Mr Chalerm told the Bangkok Post in an exclusive interview that if he manages to remain in his post for the next three years, until the end of the government's first term, he will have reached the age of 68 _ and that is the right time for him to bow out of politics.
He said he had spent many years in politics and held many key government positions, and believes he has reached the pinnacle of his political career. The deputy premier said that in his final chapter of public service, he wants to achieve something that will cement his legacy.
He said Prime Minister Yingluck Shinawatra assigned him to oversee the national campaign against corruption and tackle illicit drug trafficking and he has promised to work to the best of his ability to accomplish his tasks.
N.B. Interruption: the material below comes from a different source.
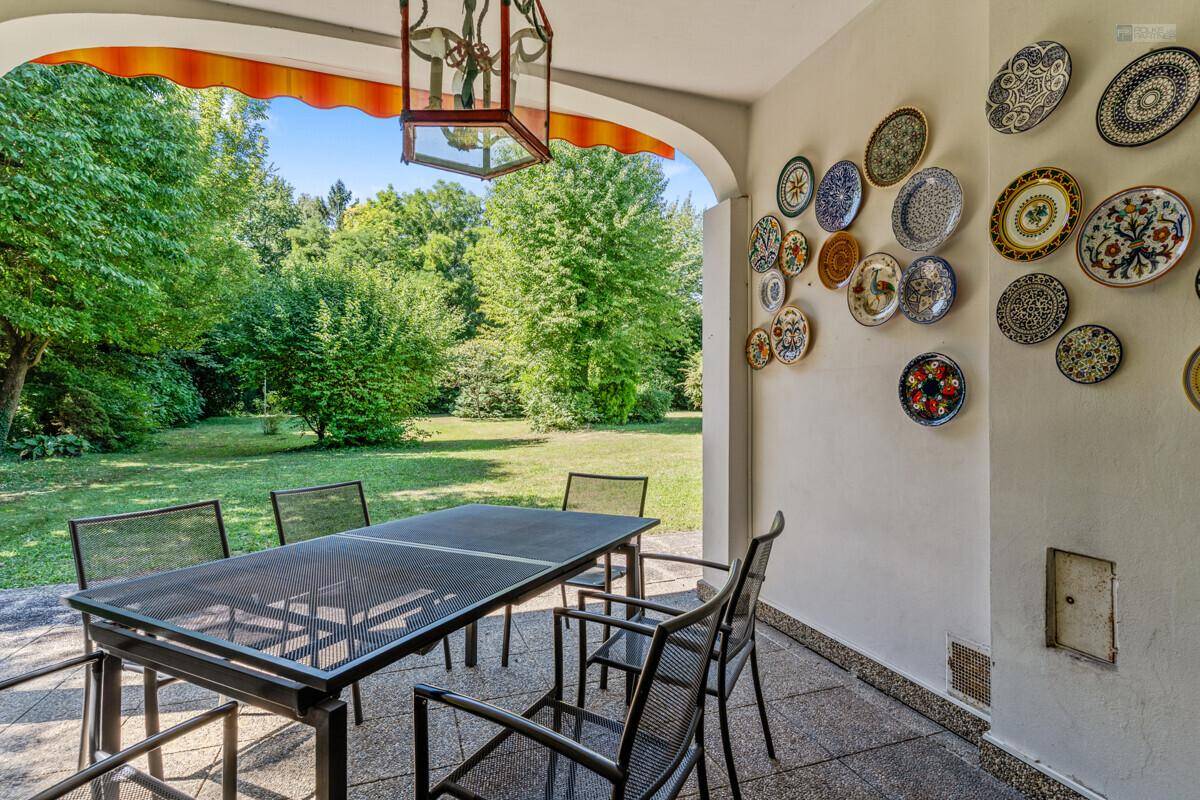 Überdachte Terrasse mit Esstisch, Stühlen und Blick auf den grünen Garten.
Known for his sharp tongue and oratory skills, the outspoken politician is famous for his especially entertaining performances during House censure debates, and is always one of the highlights on the House floor.
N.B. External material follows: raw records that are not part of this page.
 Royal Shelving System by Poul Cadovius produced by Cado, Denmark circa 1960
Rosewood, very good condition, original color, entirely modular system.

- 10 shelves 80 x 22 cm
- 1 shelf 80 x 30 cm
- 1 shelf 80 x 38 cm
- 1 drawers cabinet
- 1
Mr Chalerm admitted he was not sure if his son, Wan Yubamrung, would follow in his footsteps as an MP. Mr Wan ran for a Bangkok MP seat in the last general election but lost.
''Securing a political post depends partly on luck and fortune,'' he said.
He told the Bangkok Post that Ms Yingluck will not come under any pressure to reshuffle the cabinet in the near future.
The deputy premier said he was confident Ms Yingluck would not reshuffle the cabinet any time soon, partly because no new cabinet members are needed to help with the government's work.
All cabinet ministers are measuring up to their tasks, he said. None have been linked to corruption, he added.
Since coalition parties have not made pressing demands, and the government enjoys public support, a reshuffle is not on the cards, he concluded.
He also expects the Yingluck government to complete two consecutive four-year terms in office, but believes it will be in the government's best interests to be careful about the charter amendment and reconciliation bills.
Mr Chalerm cited a recent Abac poll that showed 83% of respondents still want to give the prime minister a chance to continue her work.
He said 80% of the Abac poll respondents also wanted to see justice for ousted former prime minister Thaksin Shinawatra _ a factor he believes will contribute to the government's longevity in office.
''When the government does not have corruption problems, it is likely the government will complete its first four-year term and then another four years in office,'' Mr Chalerm said.
The deputy PM also warned that the 111 former executive members of the defunct Thai Rak Thai Party who are trying to claim their share of the government's administrative power should stop seeking media attention.
''You may have to wait until after the next election before you return,'' he said.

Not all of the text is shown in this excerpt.